Follow me in this provocation: let’s pretend that we no longer remember how to open a door. A guy at the bar (the one who talks the loudest) politely, but very confidently, explains to us that you can open a door with your head, for example. It will take time and a lot of patience, you will certainly get hurt, and the door will also be damaged, but you know, that’s how it’s done and you have to take that into account. In fact, surely in time we will learn where to headbutt for maximum effect, and how to hurt less. We will become better at giving headers. Sooner or later the door will open. Or maybe we will tire of it first, who knows, but on the other hand, headbutting doors is not for everyone.

Of course, we could have asked someone else for help: he might have explained to us that just turning the key, and then the handle, would achieve the same effect in the minimum of time, without damaging us or the door.

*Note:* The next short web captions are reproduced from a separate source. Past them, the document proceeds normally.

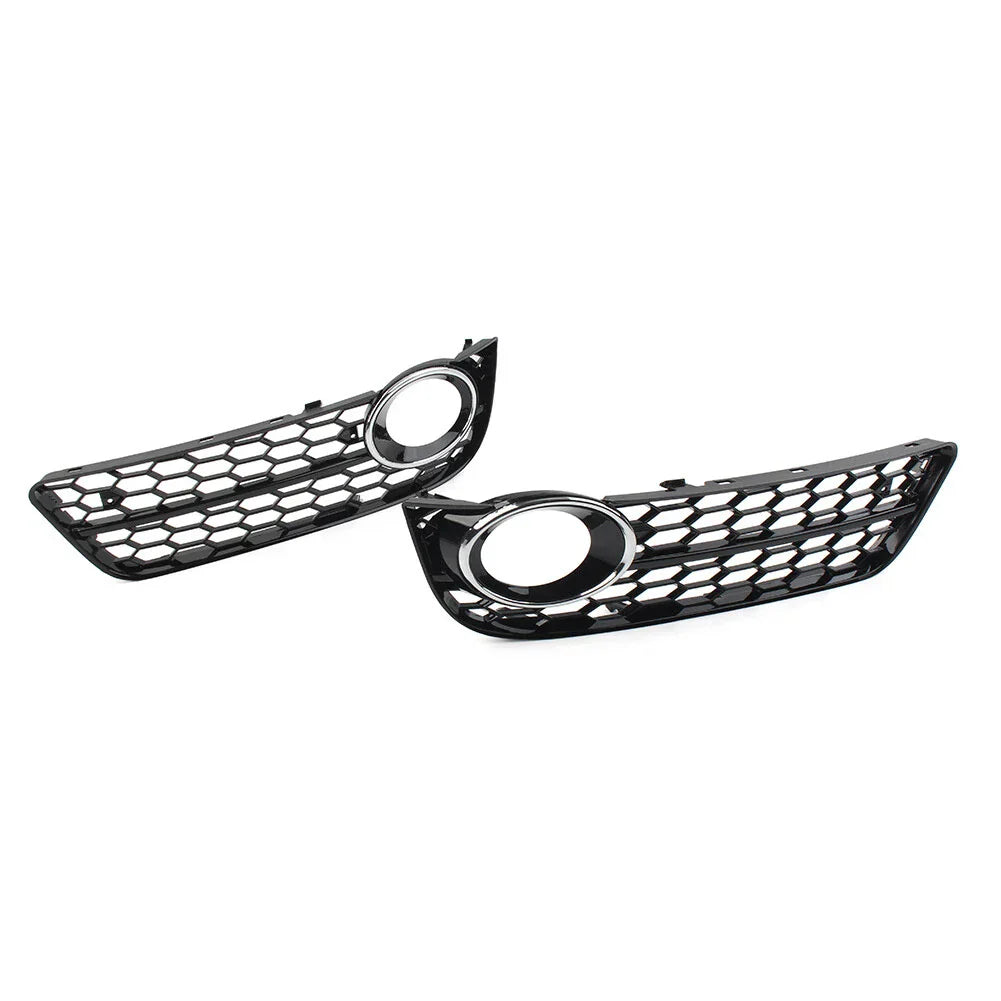 Honeycomb Mesh Fog Light Grille Cover for Audi A5 (2008-2011)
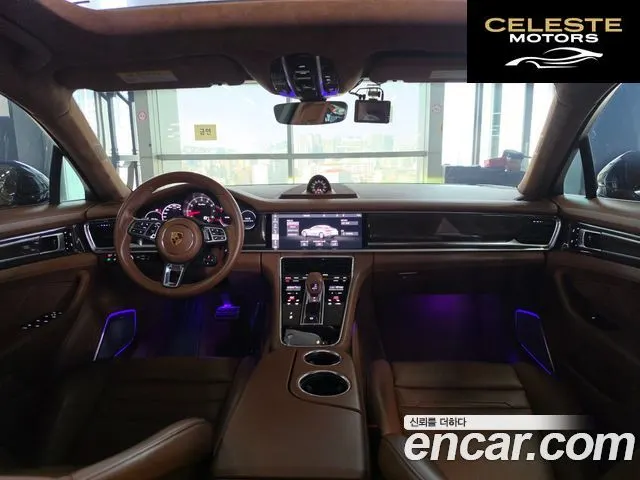 PORSCHE Panamera (971) 4.0 Turbo 2019 — photo 24 sur 26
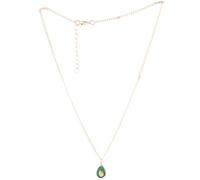 TSMORY Collier à breloques avocat tendance - Accessoire de bijoux tendance - Forme unique - Pendentif en alliage pour femme tendance, 50cm, Métal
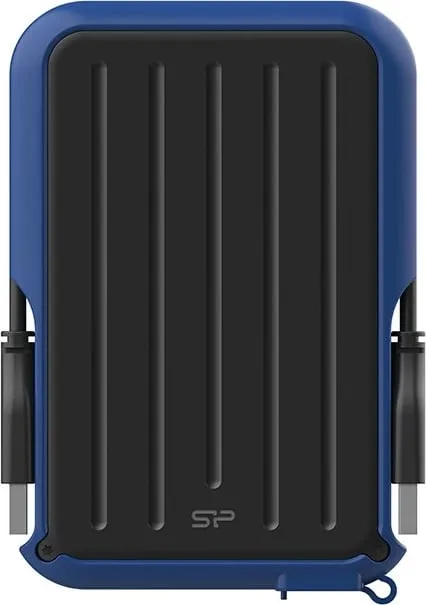 Disk HDD Silicon Power A66, 4TB, i kaltër - 1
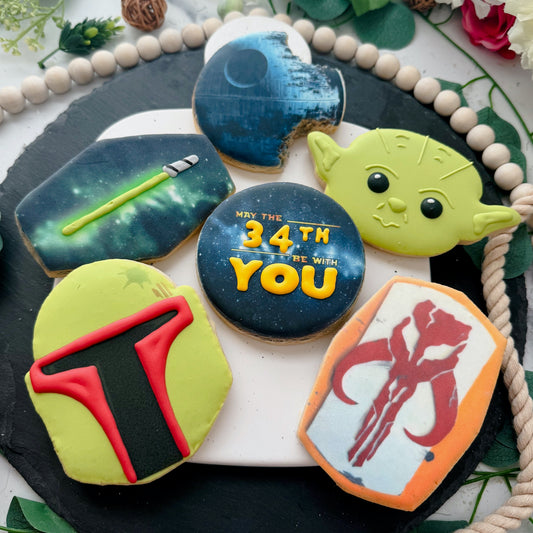 Star Wars Sugar Cookies Set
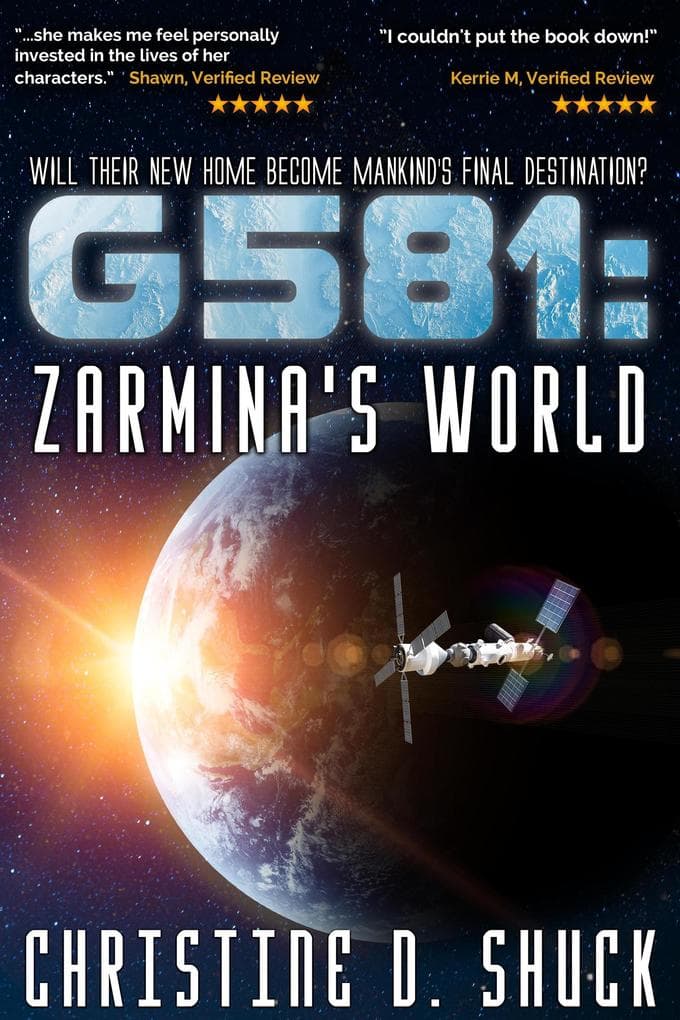 G581: Zarmina's World (Gliese 581g, #5)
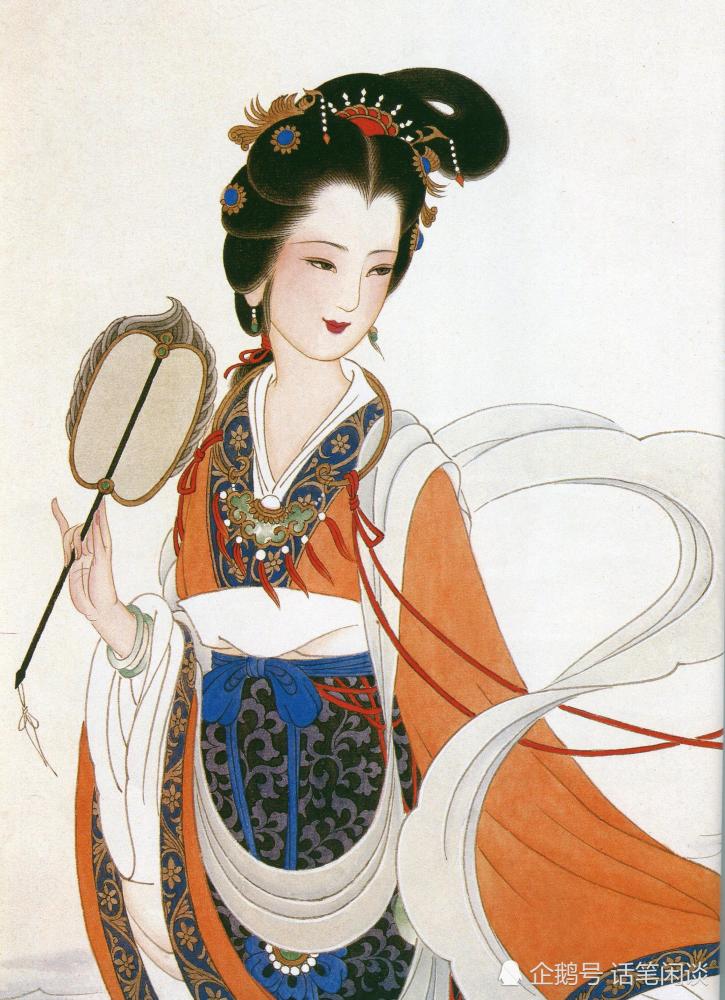 文学作品中的古典美人面如玉瞳如漆中国人的审美从未掉线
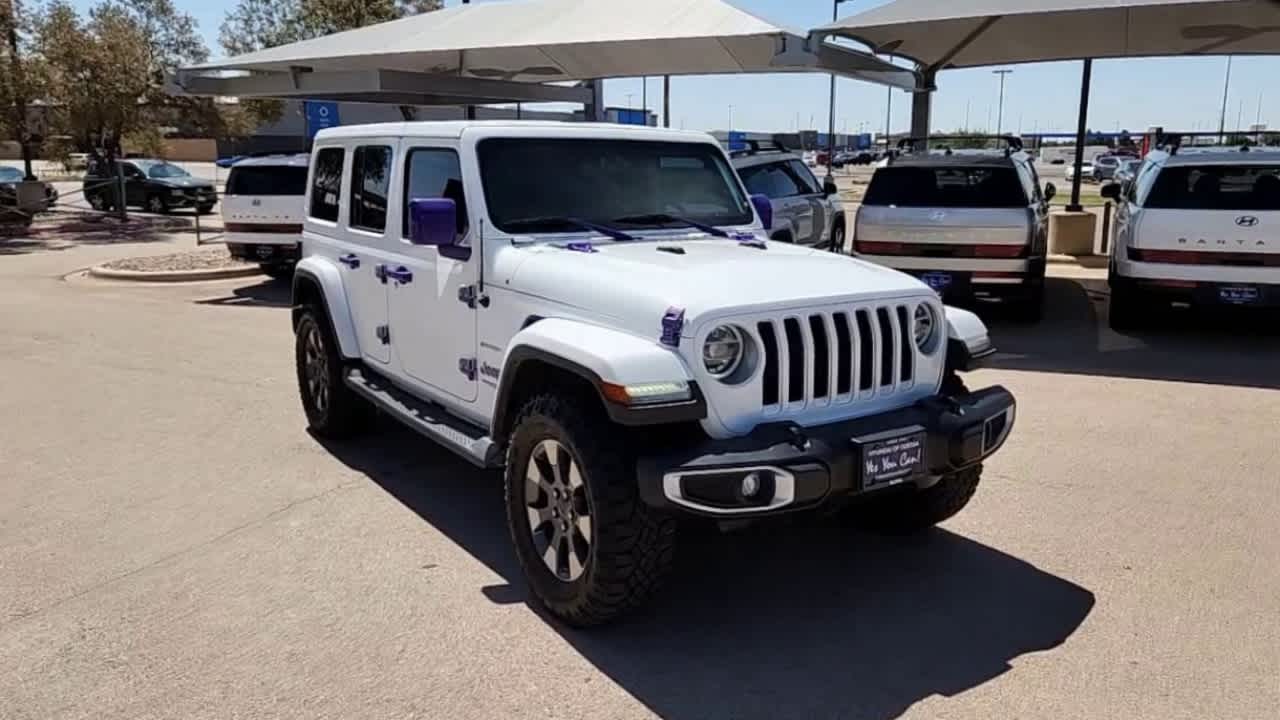 used 2019 Jeep Wrangler Unlimited car, priced at $29,999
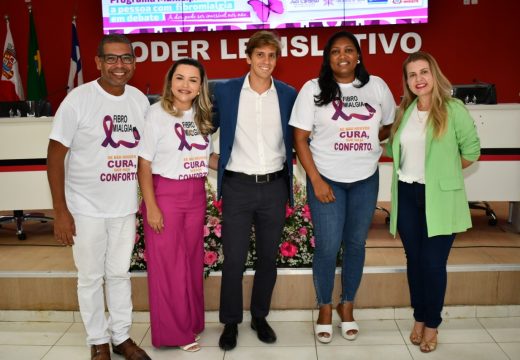 Programa Municipal voltado aos cuidados da pessoa com fibromialgia é apresentado pela SESAU em evento na Câmera de Vereadores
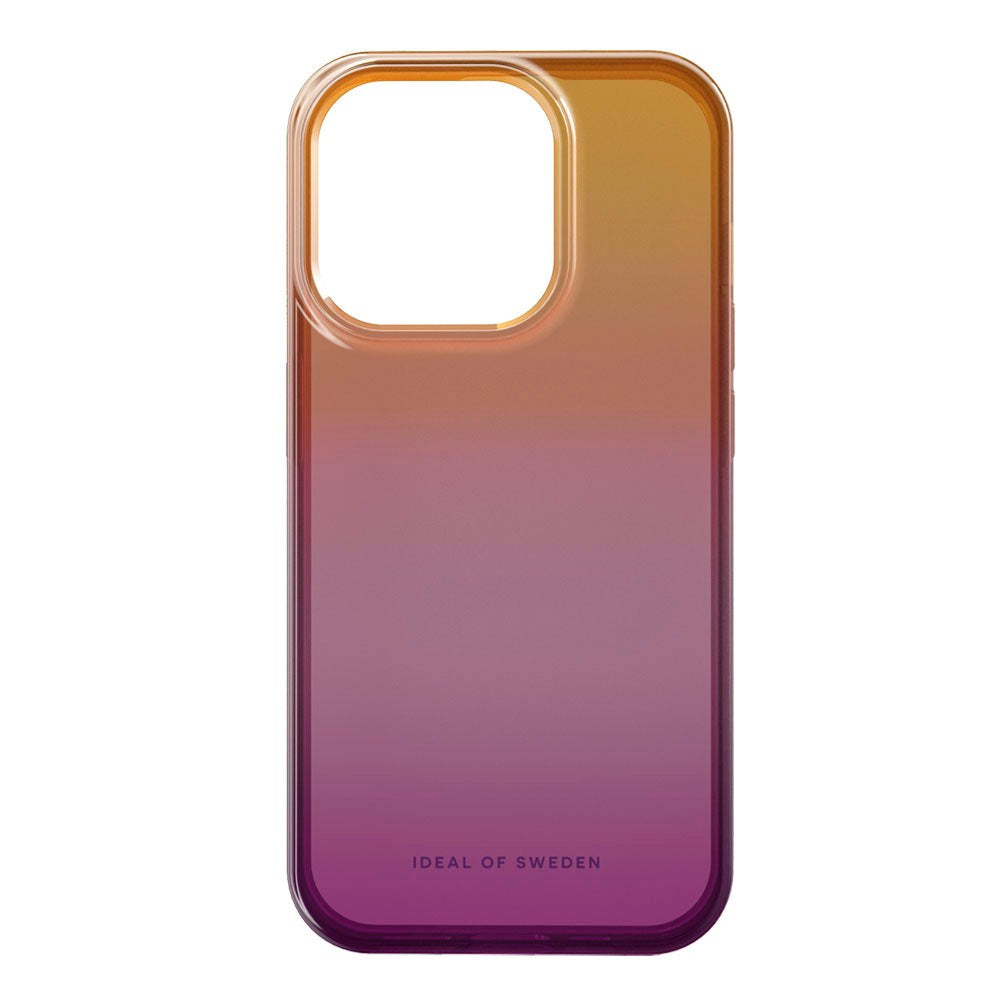 iPhone 15 Pro Max Ideal Of Sweden Clear Deksel Gradient - Vibrant Ombre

Do you understand what dead ends we can end up in, and how much energy we can waste? One can really learn to find a ‘science’ within incorrect driving. We can improvise wacky rules that seem to work in the absence of anything else, and we can follow them religiously like a cabal or a rain dance, since they have always worked so far. But the slightest hitch would sweep them away like a house of cards, at which point we might end up thinking that ‘the problem is others’ and it doesn’t matter how hard we try.
Or we could simply follow the advice of that guy in the bar who likes to talk loud and too much (and certainly doesn’t know he’s doing it wrong) and tells us with authority and pride, his chest puffed out: ‘I NEVER use the rear brake!
This may sound strange to us, but then why do motorbikes have them? But this guy has been riding for 30 years, and he speaks with such conviction! He must know what he’s saying.

IN CONCLUSION

Well, if you don’t want to remain in the group of motorcyclists who open their doors headfirst (and without a rear brake, of course) and this introduction of mine has whetted your appetite, keep following me!
I have in store for you, beginners or experts, a whole series of appointments, one more useful than the other, with which to begin to understand your riding better, to find confidence and have more fun, to overcome the challenges that worry you the most and to find a nice smooth riding rhythm where you are comfortable.

We will look at riding position, riding psychology (cool), cornering and braking techniques, surfaces.
Before the season is at its peak, you will have discovered a lot of things to try! And maybe who knows, you will feel like doing a course in your area, to see if you have understood and where you can still improve.

You never stop learning! See you soon.